> **What you are asked to do**
The output consists only of the lines from the one with "Boneca Princesa Diana" through the end of the records, each printed exactly, and contains no pictures.

> **Data entries**
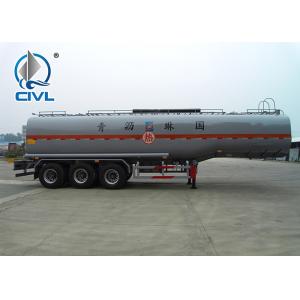 China 60CBM Oil Tanker Semitrailer Three-axle Fuel Tanker Semi-trailer aluminum semi trailer supplier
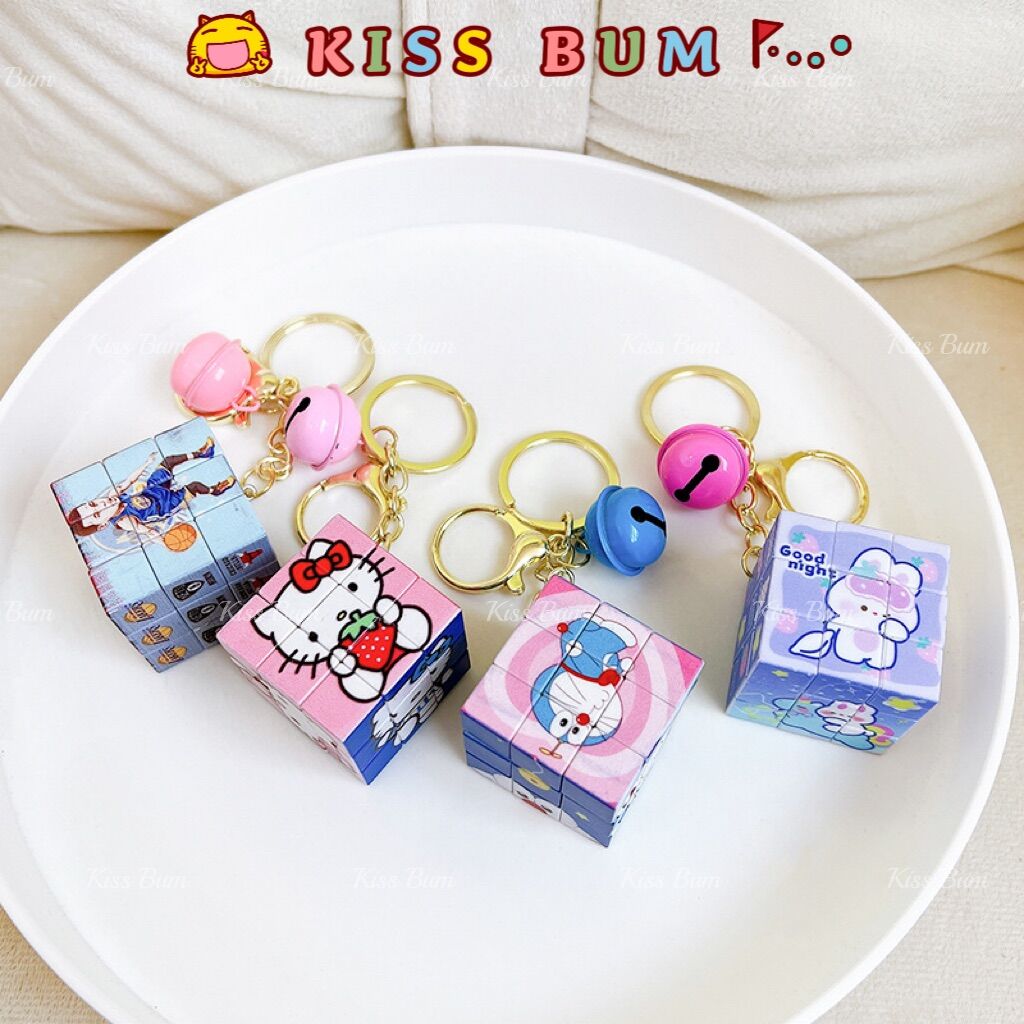 Móc khóa rubik Doremon Hello Kitty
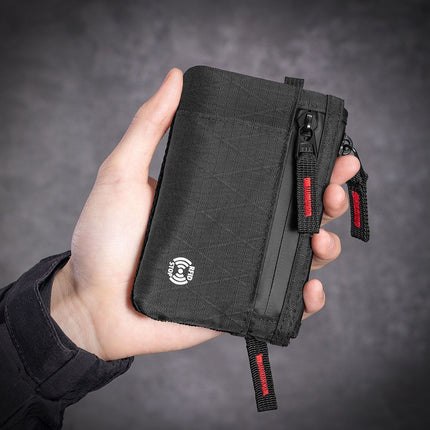 Zip Pouch Black Small Cash and Card Zip Wallet,Weatherproof Fabrics, Zipper, Pouch for Men Travel (black)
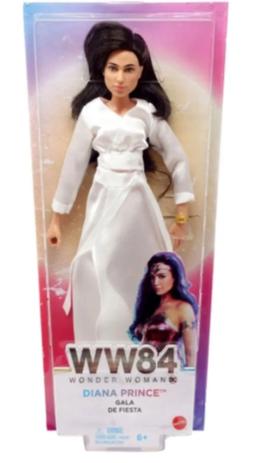 Boneca Princesa Diana Dc WW84 Vestido de Gala - Mattel -
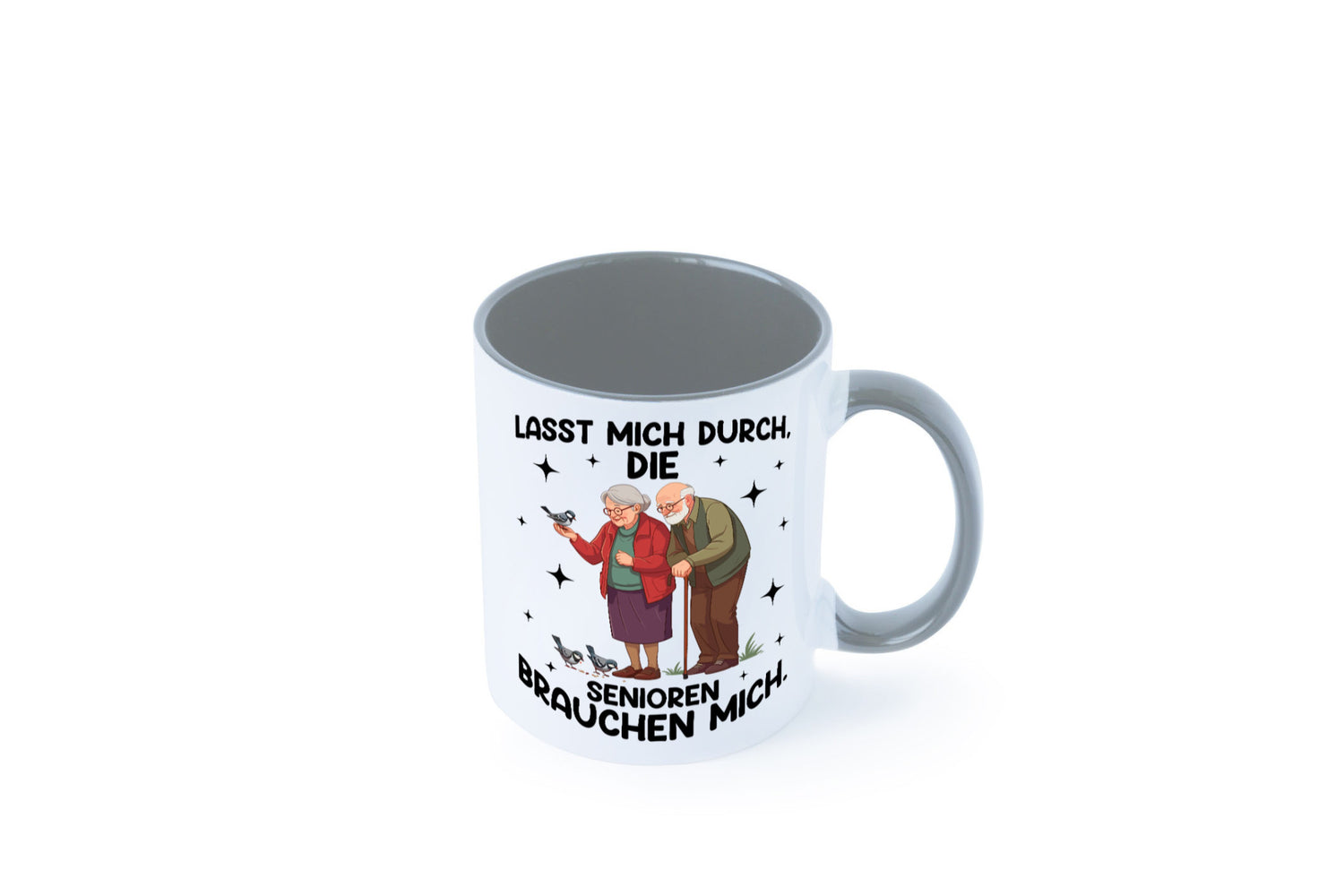 Senioren brauchen mich | Altenpflege Pflegekraft lustiger Spruch Geschenk Humor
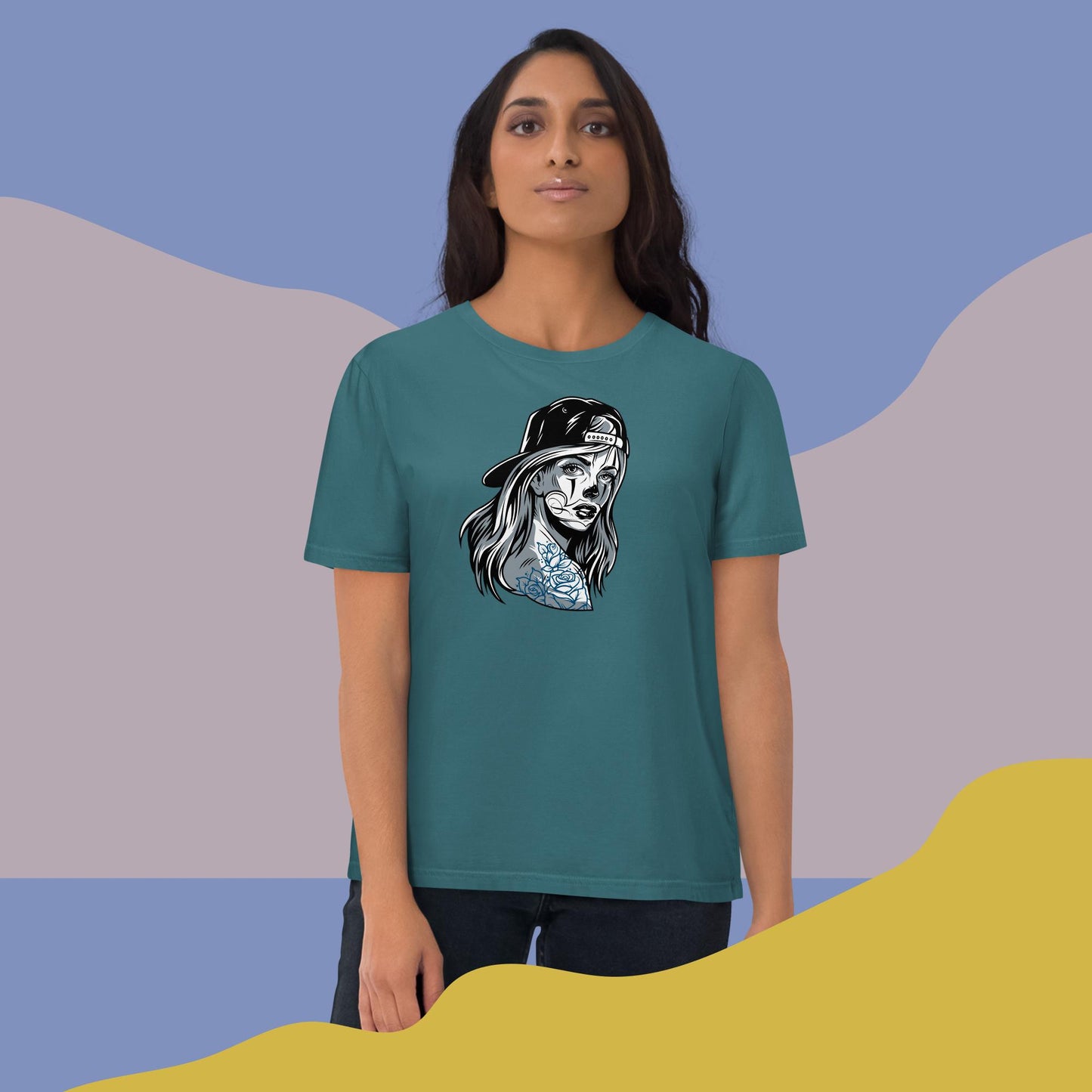 T-shirt en coton biologique Femme STRE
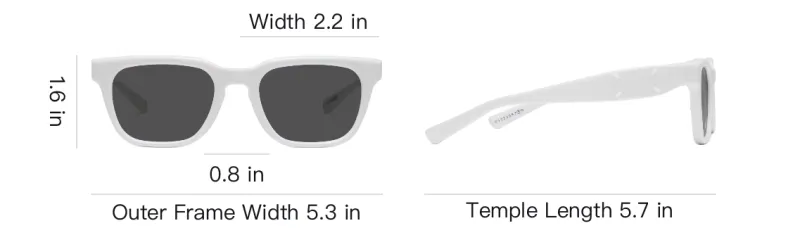 GENTLE MONSTER Plate Frame Irregular Shape Sunglasses Unisex White-2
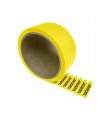 Etiqueta Pincho 17 x 80 mm.   Personalizada  Amarillo 100 u.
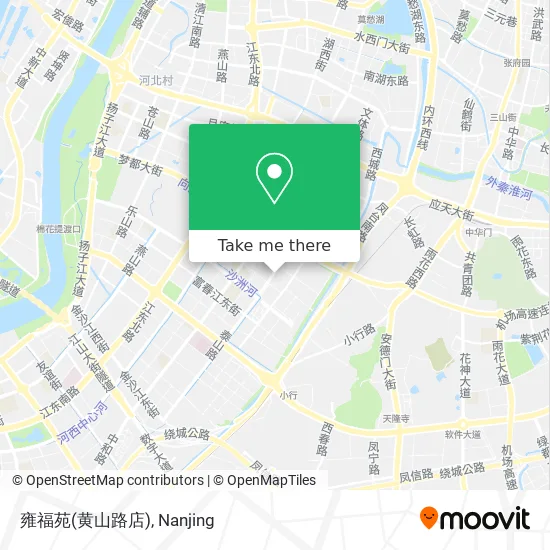 雍福苑(黄山路店) map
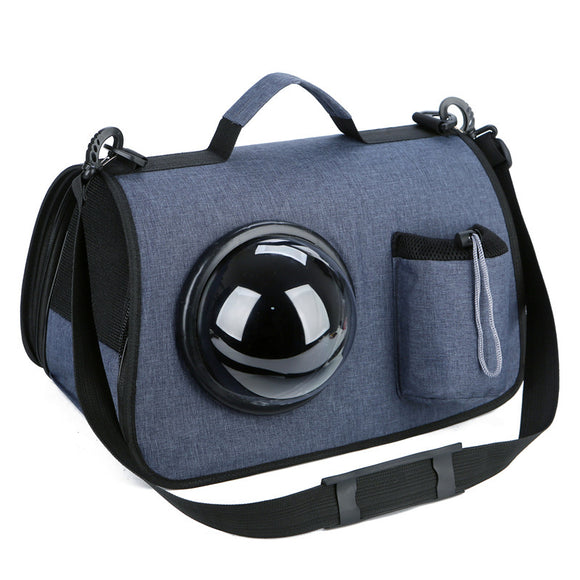 Bolsa Transportadora para Gatos - Mochila Cruzada Portátil para Mascotas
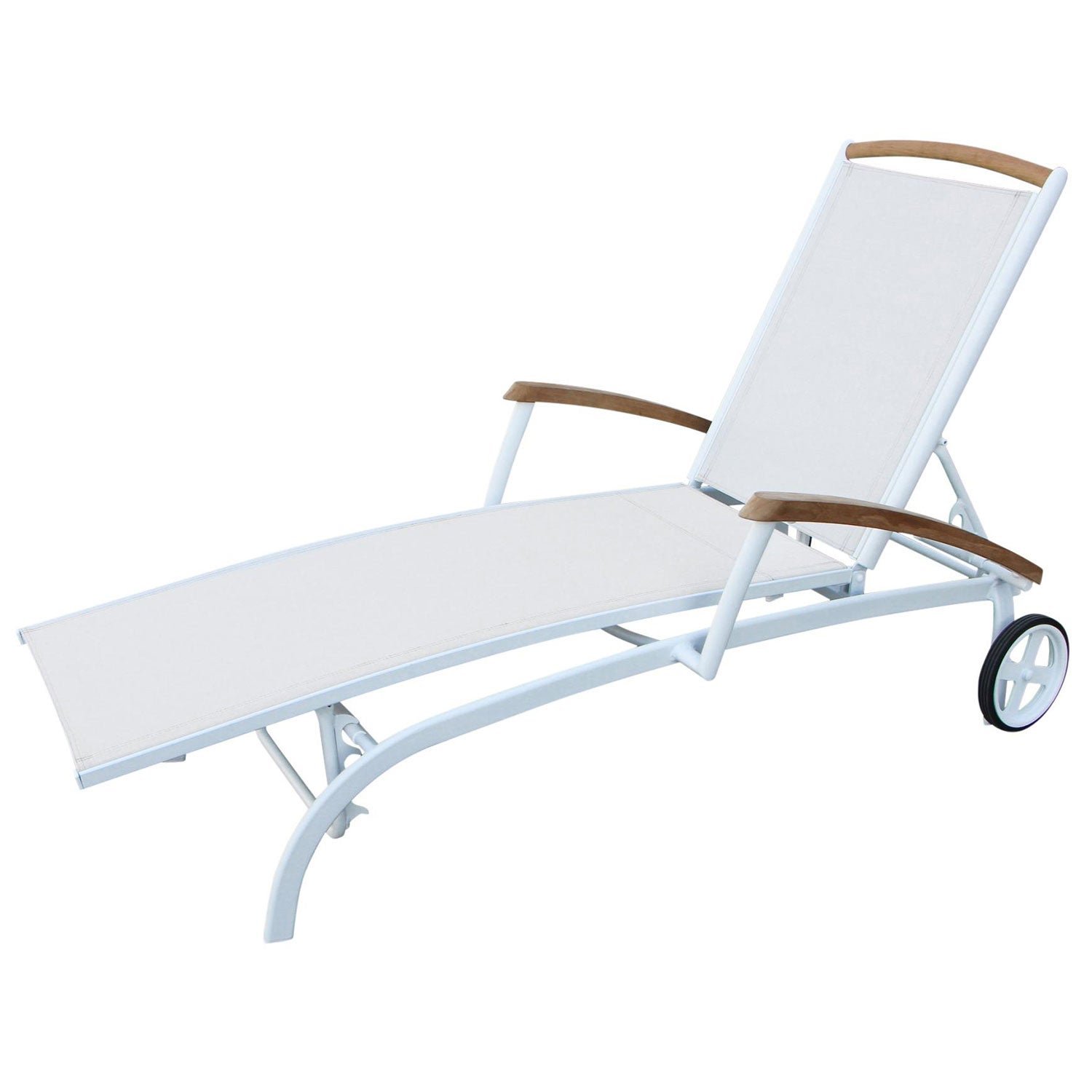 Brafab, Andy vilsäng vit/offwhite teak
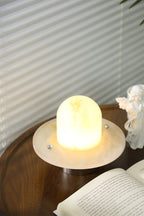 Petrified Alabaster Table Lamp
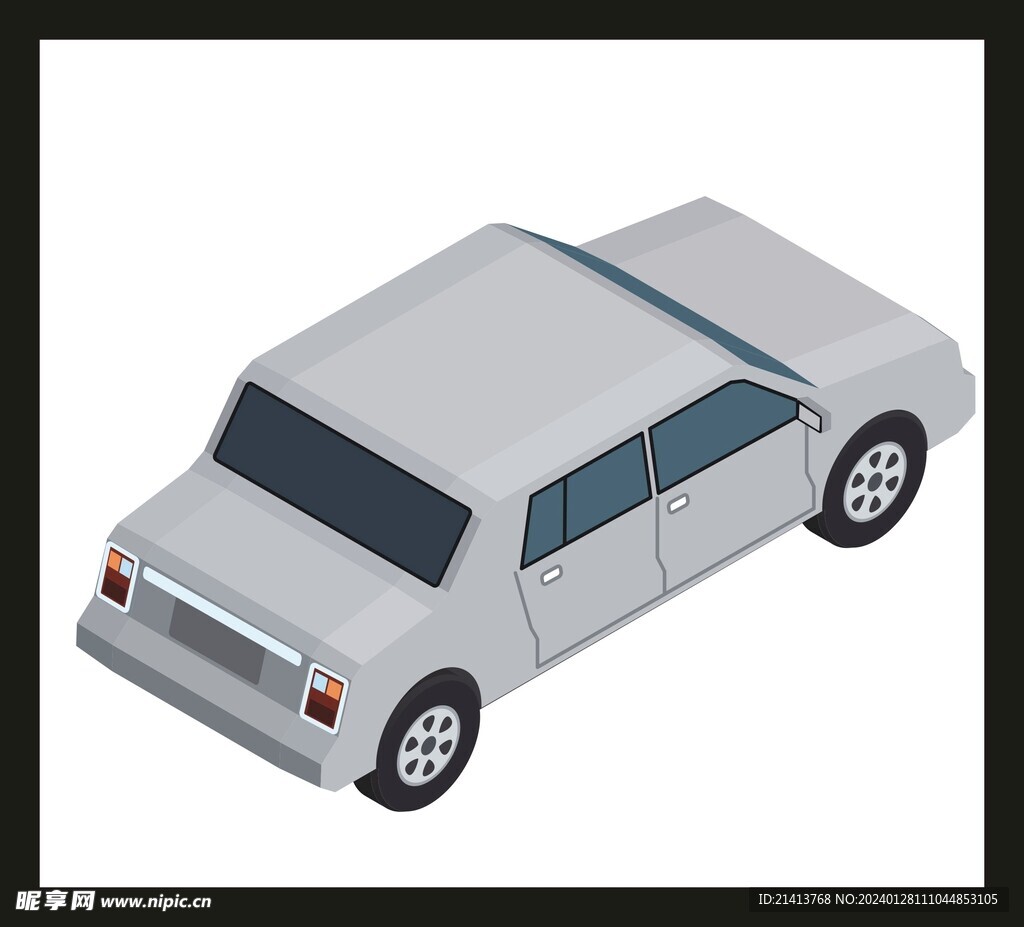 手绘动画汽车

> **Answer for the task**
 Boneca Princesa Diana Dc WW84 Vestido de Gala - Mattel -
 Senioren brauchen mich | Altenpflege Pflegekraft lustiger Spruch Geschenk Humor
 T-shirt en coton biologique Femme STRE
 GENTLE MONSTER Plate Frame Irregular Shape Sunglasses Unisex White-2
 Etiqueta Pincho 17 x 80 mm.   Personalizada  Amarillo 100 u.
 雍福苑(黄山路店) map
 Bolsa Transportadora para Gatos - Mochila Cruzada Portátil para Mascotas
 Brafab, Andy vilsäng vit/offwhite teak
 Petrified Alabaster Table Lamp
 手绘动画汽车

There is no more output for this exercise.